ASSIGNED TASK :: The expected result is a word-for-word copy of the entries, minus any pictures.

(Records excerpted from a collection)
==========

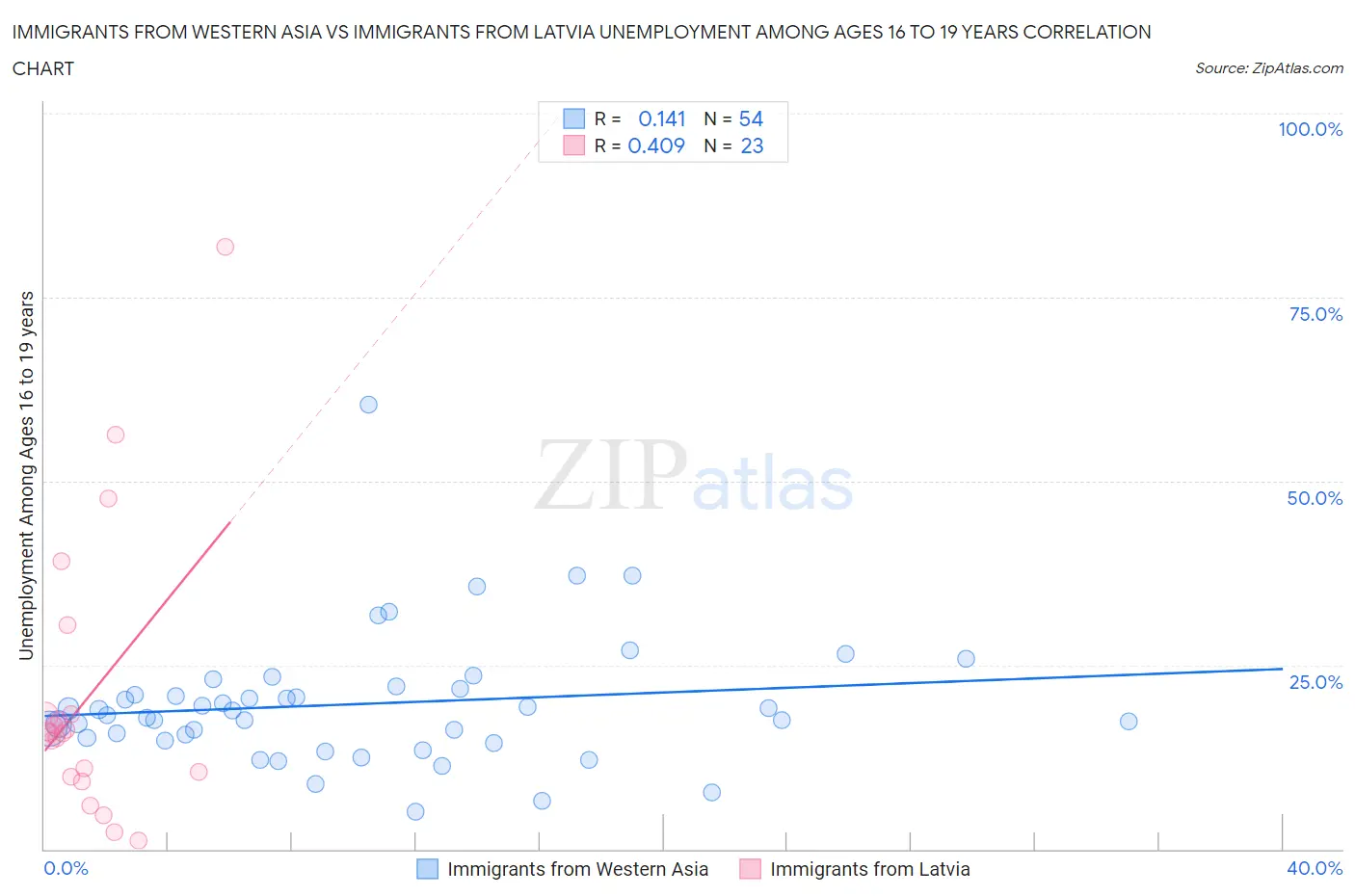 Immigrants from Western Asia vs Immigrants from Latvia Unemployment Among Ages 16 to 19 years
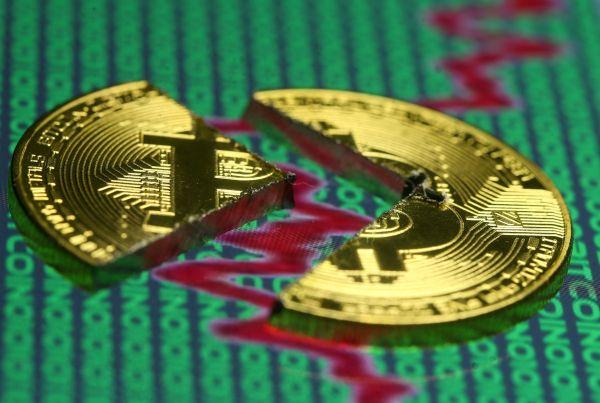 Bitcoin 13 bin dolara kadar geriledi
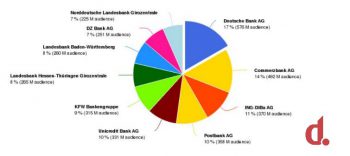 Reichweite deutscher Banken Digimind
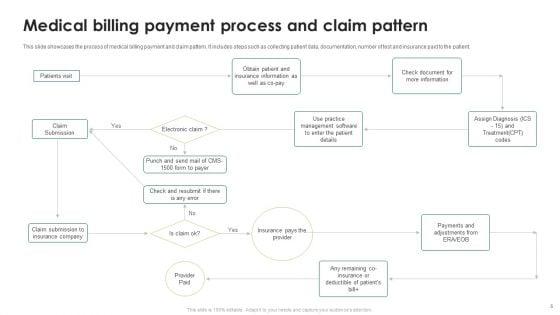 Insurance_Claim_Procedure_Ppt_PowerPoint_Presentation_Complete_Deck_With_Slides_Slide_5.jpg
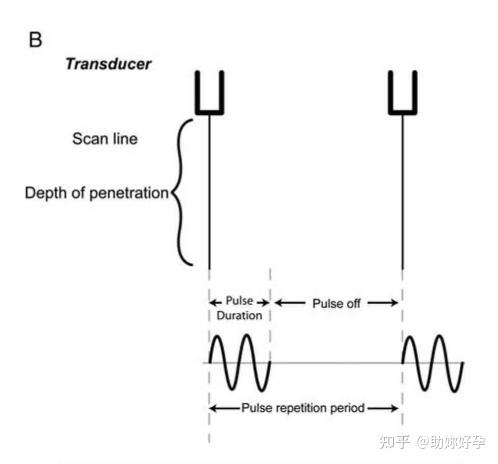 超声成像中的分辨率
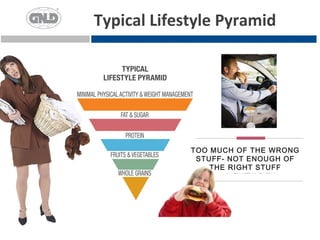 Typical Lifestyle Pyramid




             TOO MUCH OF THE WRONG
              STUFF- NOT ENOUGH OF
                 THE RIGHT STUFF
 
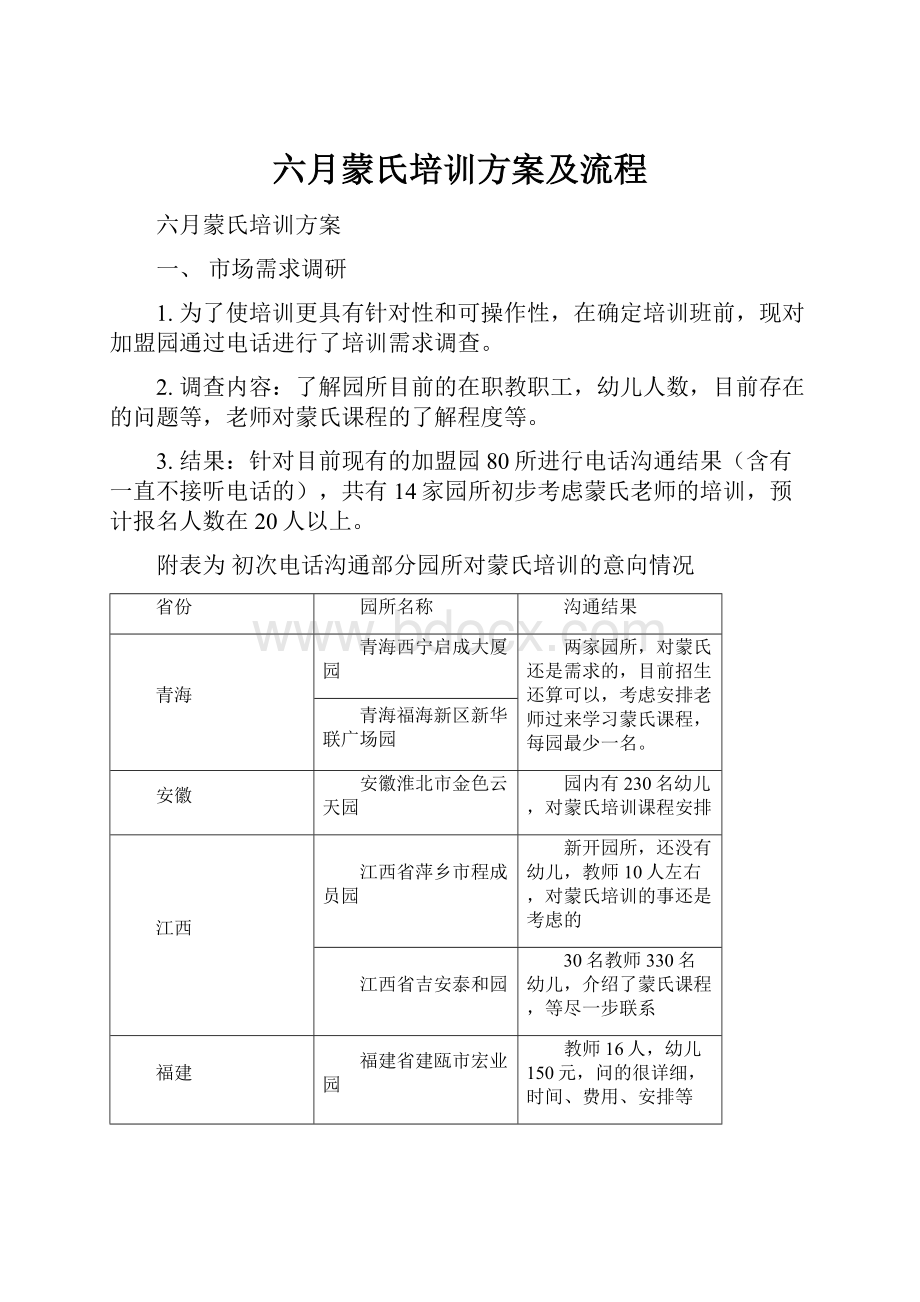 六月蒙氏培训方案及流程.docx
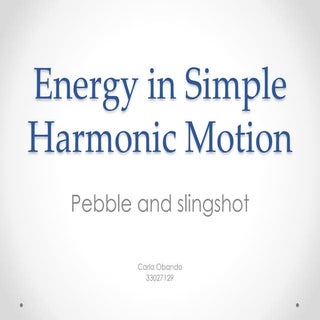 Energy in Simple Harmonic Motion: P...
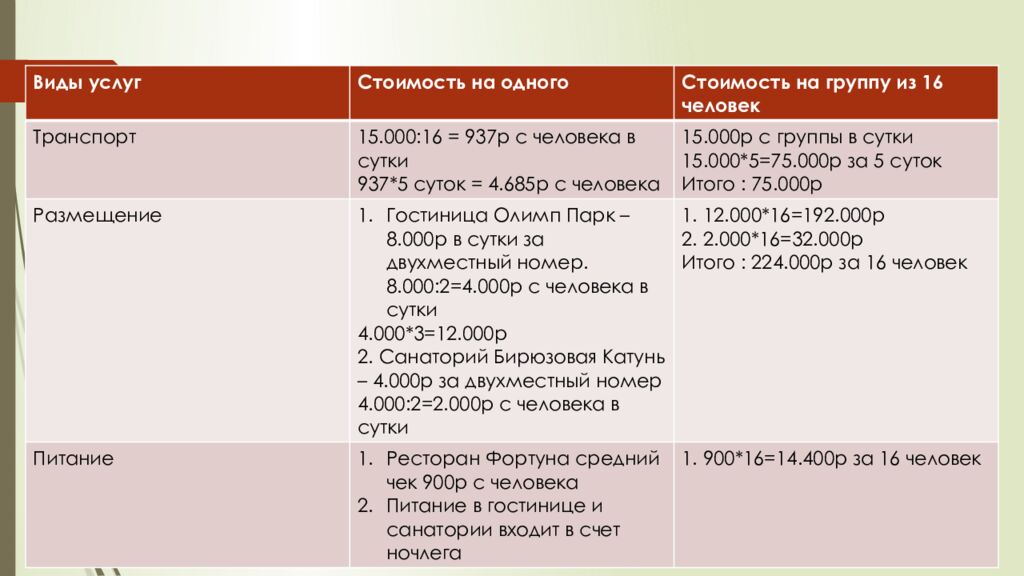 Формирование и обоснование нового тур продукта по Алтаю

==========

OUTPUT BELOW ::
 Immigrants from Western Asia vs Immigrants from Latvia Unemployment Among Ages 16 to 19 years
 Bitcoin 13 bin dolara kadar geriledi
 Reichweite deutscher Banken Digimind
 Insurance_Claim_Procedure_Ppt_PowerPoint_Presentation_Complete_Deck_With_Slides_Slide_5.jpg
 超声成像中的分辨率
 Typical Lifestyle Pyramid




             TOO MUCH OF THE WRONG
              STUFF- NOT ENOUGH OF
                 THE RIGHT STUFF
 
 六月蒙氏培训方案及流程.docx
 Energy in Simple Harmonic Motion: P...
 Формирование и обоснование нового тур продукта по Алтаю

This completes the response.